In recognition of the Fourth of July, I have been reflecting on who best can speak to America’s current predicament. So many of the speeches throughout American history addressing Independence Day necessarily focus on questions of sovereignty, the nature of patriotism and the Declaration of Independence. In their prevailing optimism or their glossing over who was not included in the fundamental notion that “all men are created equal,” I have found most of them wanting for this moment.
But I return again to our greatest president, Abraham Lincoln, and a much lesser-known address delivered to Congress on July 4, 1861, four months after Lincoln’s term began and South Carolina, Georgia, Alabama, Mississippi, Louisiana and Florida had already seceded from the Union. Their federal properties, Lincoln noted, “were held in open hostility to this Government.”
While much of his message focused on specific actions taken and the role of the military and its leaders, including the assault on Fort Sumter that officially launched the war, Lincoln also stepped back to ask the larger questions. Referring to the aggressors beginning “the conflict of arms” at Fort Sumter, he said, “In this act, discarding all else, they have forced upon the country the distinct issue, ‘Immediate dissolution or blood.’"
He continued:
“And this issue embraces more than the fate of these United States. It presents to the whole family of man the question whether a constitutional republic, or democracy—a government of the people by the same people—can or can not maintain its territorial integrity against its own domestic foes. It presents the question whether discontented individuals, too few in numbers to control administration according to organic law in any case, can always, upon the pretenses made in this case, or on any other pretenses, or arbitrarily without any pretense, break up their government, and thus practically put an end to free government upon the earth.”
Lincoln first answers his own question by asserting that he had no choice but to pursue a war that would resist this aggression and maintain the country’s preservation. Later, he proclaims the value of the country that had declared its independence 85 years earlier.
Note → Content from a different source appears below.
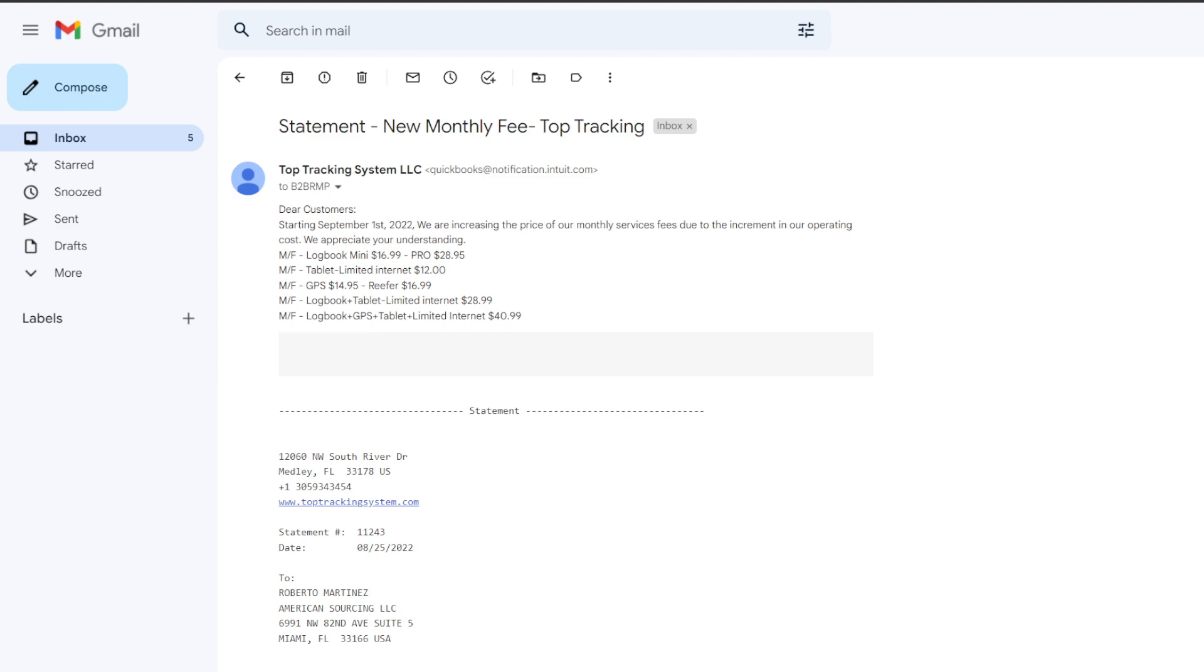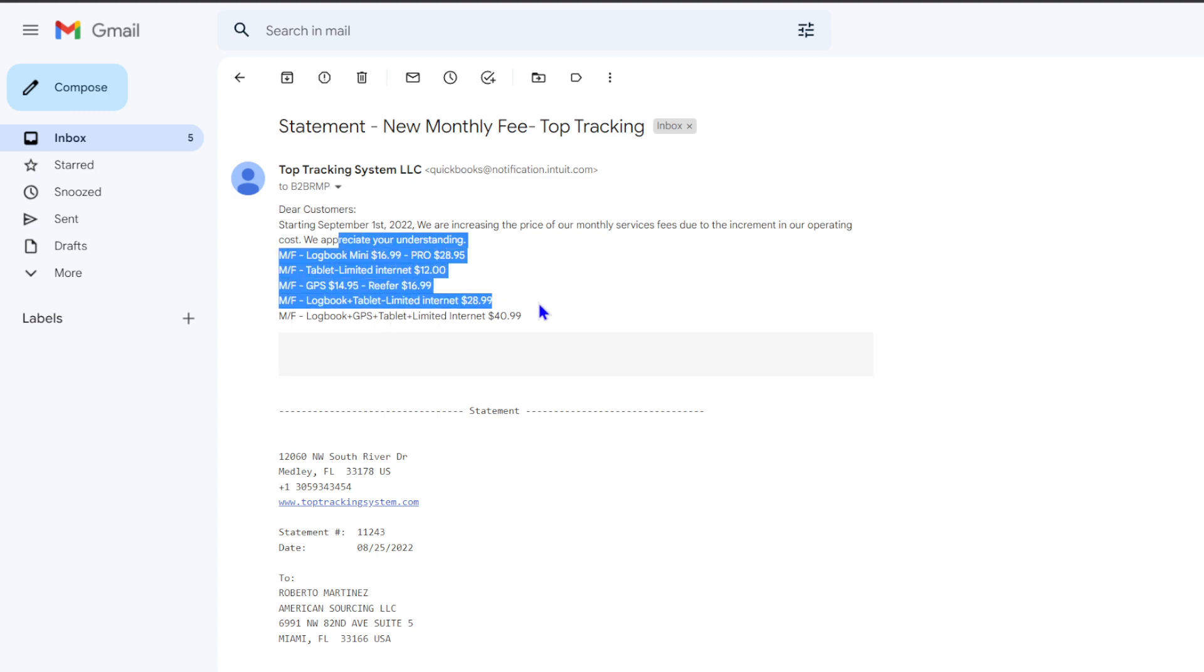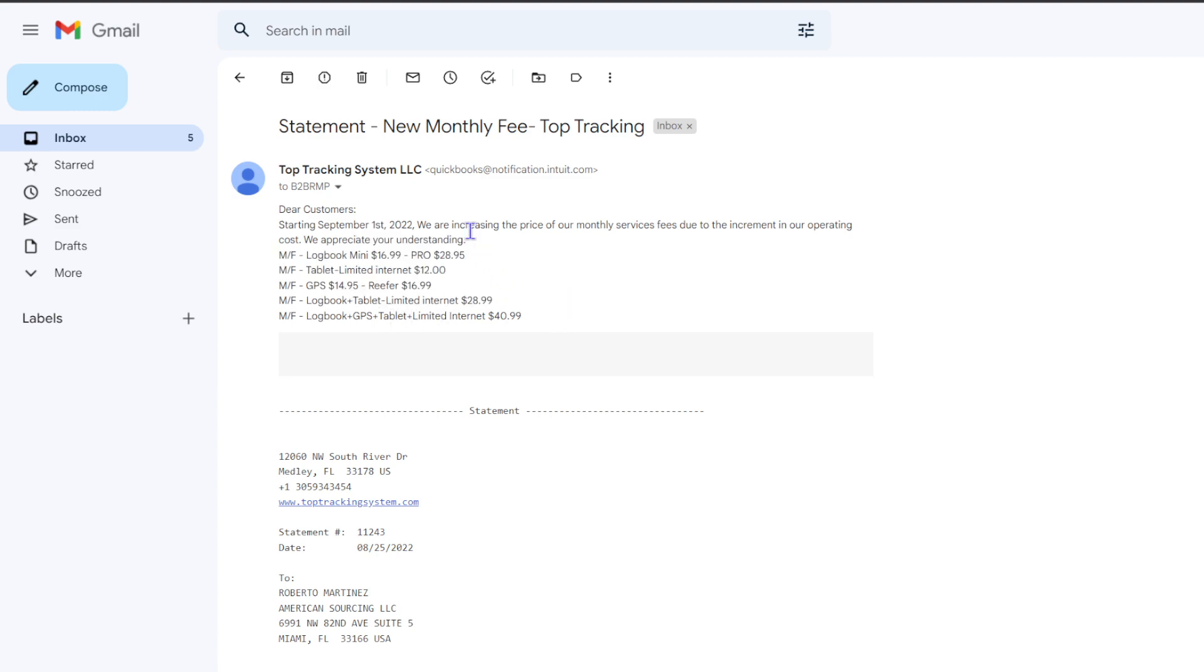Basically all of their services are going up and they let you know that we're increasing the price of our monthly service fees due to the increment in our operation costs. So another thing now to add to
“It may be affirmed without extravagance that the free institutions we enjoy have developed the powers and improved the condition of our whole people beyond any example in the world. Of this we now have a striking and an impressive illustration…Whoever in any section proposes to abandon such a government would do well to consider in deference to what principle it is that he does it; what better he is likely to get in its stead; whether the substitute will give, or be intended to give, so much of good to the people.”
Then he proceeds to depict the stark difference with those determined to sustain slavery and go their own way.
“Our adversaries have adopted some declarations of independence in which, unlike the good old one penned by Jefferson, they omit the words ‘all men are created equal.’ Why? They have adopted a temporary national constitution, in the preamble of which, unlike our good old one signed by Washington, they omit ‘We, the people,’ and substitute ‘We, the deputies of the sovereign and independent States.’ Why? Why this deliberate pressing out of view the rights of men and the authority of the people?
“This is essentially a people's contest. On the side of the Union it is a struggle for maintaining in the world that form and substance of government whose leading object is to elevate the condition of men; to lift artificial weights from all shoulders; to clear the paths of laudable pursuit for all; to afford all an unfettered start and a fair chance in the race of life…I am most happy to believe that the plain people understand and appreciate this.”
Lincoln offered one more summary of the stakes that the United States of America faced in 1861, a reality that America still contends with today following a seditious White House occupant who rejected the peaceful transfer of power. Consider Lincoln’s words:
“Our popular Government has often been called an experiment. Two points in it our people have already settled—the successful establishing and the successful administering of it. One still remains—its successful maintenance against a formidable internal attempt to overthrow it.
“It is now for them to demonstrate to the world that those who can fairly carry an election can also suppress a rebellion; that ballots are the rightful and peaceful successors of bullets, and that when ballots have fairly and constitutionally decided there can be no successful appeal back to bullets; that there can be no successful appeal except to ballots themselves at succeeding elections. Such will be a great lesson of peace, teaching men that what they can not take by an election neither can they take it by a war; teaching all the folly of being the beginners of a war.”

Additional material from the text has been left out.